The third line demonstrates the way the first two began to come together toward the end of the century to produce a distinctive liberal climate for theology. This line is dominated by Albert Schweitzer (1875-1965), but just began his carrer at the even end of the century. Johannes Weiss (1863-1814). William Werde (1859-1906), Martin Kahler (1835-1913) Ernst Troeltsch (1865-1923) (Troelstch would turn out to be the teacher of Paul Tillich). By the end of the century a vast aray of skeptical style theology had been produced, with theolgoians and Bible scholars more skeptical of the validity of the Bible than any atheists every thought about being.Most of what we see on the net, with skeptical boards like the Secular Web are rehashes of arguments raised by ministers and Bible scholars from this era. The emphasis was upon de-mythologizeing the Bible. Chrstainity was seen primarly as an ethical pltform, or a social organization deciated to helping society make a better world.
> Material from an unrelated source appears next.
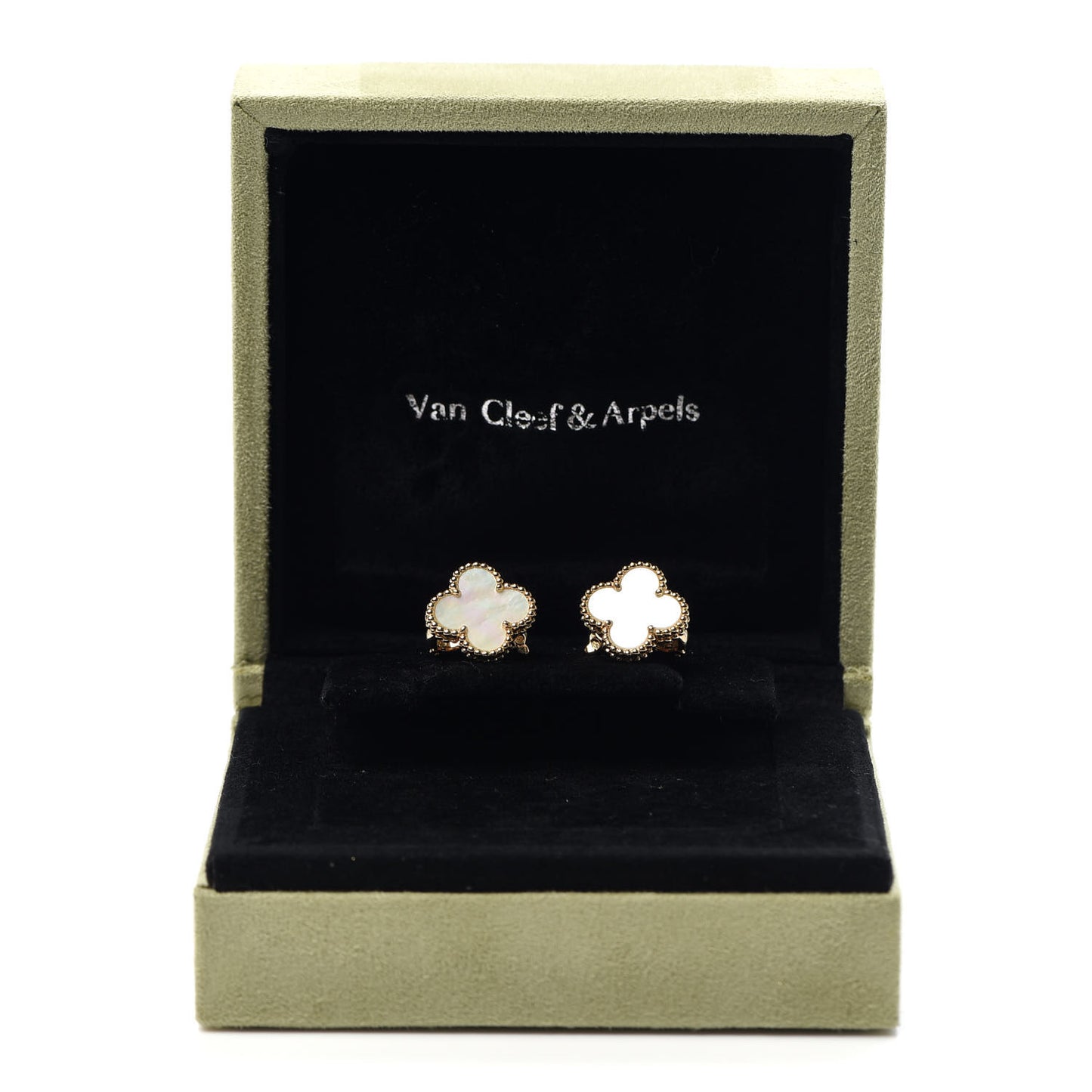 18K Yellow Gold Mother of Pearl Vintage Alhambra Earrings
Liberal Theology in the 20th Century


Until the end of World War I liberal theology proceeded as it had done in the previous century. The first world war changed everything. Liberal theology had become an ivory tower pursuit with nothing to say tot he common man. Suddenly Europe found itself in a crushing war, thousands dying everyday, a whole generation slaughtered on the battle. Massive dissolutionment set in as no one found liberal theology comforting. Karl Barth arose with a new take on theology which came to be called "Neo-Orthodox." Barth was a liberal Calvinist, he understood the Bible not as the word of God but containing the word of God. He under revelation through a dialectic between the reader and the text. Thus theology was infused with divine comfort in the face of over whelming tragedy. Liberal theology responded after the war by seeking out the existential roots in Christian thought. Theology in that century, before the second world war, was dominated by two major camps, Bartian neo-Orthodoxy, and Bualtmannian existentialism (led by Rudolph Bultmann). Paul Tillich and Reinhold Niebuhr (as well as his verbose brother H. Richard) would be major champions in the existential camp. This basic division held throughout the rest of the century, but in the 1960s it began to change tremendously.

Theology in the sixties was very exciting. This was the era when liberal theology came into its own. The major event that put liberal theology front and center was the conference called "Vatican II" held in the early 60s. The Church reformed many aspects of its liturgy modernizing itself both in cosmetic appeal and theology. It adopted a position of ecumenism allowing for the salvation of those outside the catholic or even Christian camps. It took most of the Latin out of its Mass, allowed the use of native instruments such as guitar, nuns began wearing civilian clothes and so on. In the field (Latin America) even more radical steps were taken. Priests began joining revolutions and fighting for social change. Some Priests even took up arms and joined liberation forces in the mountains. The first priest to do so was Father Camillio Tores in Columbia. Out of this period a whole movement evolved known as "liberation theology." It swept through Latin America, it was a major force in the U.S. anti-war movement (the Barigan brothers, both priests went to jail for pouring blood on draft records). Martin Luther King Jr. was a liberal theologian. His doctoral dissertation was on Paul Tillich's concept of God as Being itself. The whole civil rights movement was infused with Christian participation and leadership (such as the Southern Christian Leadership Conference) and this fed into the anti-war movement and contributed to the popularity of liberation theology.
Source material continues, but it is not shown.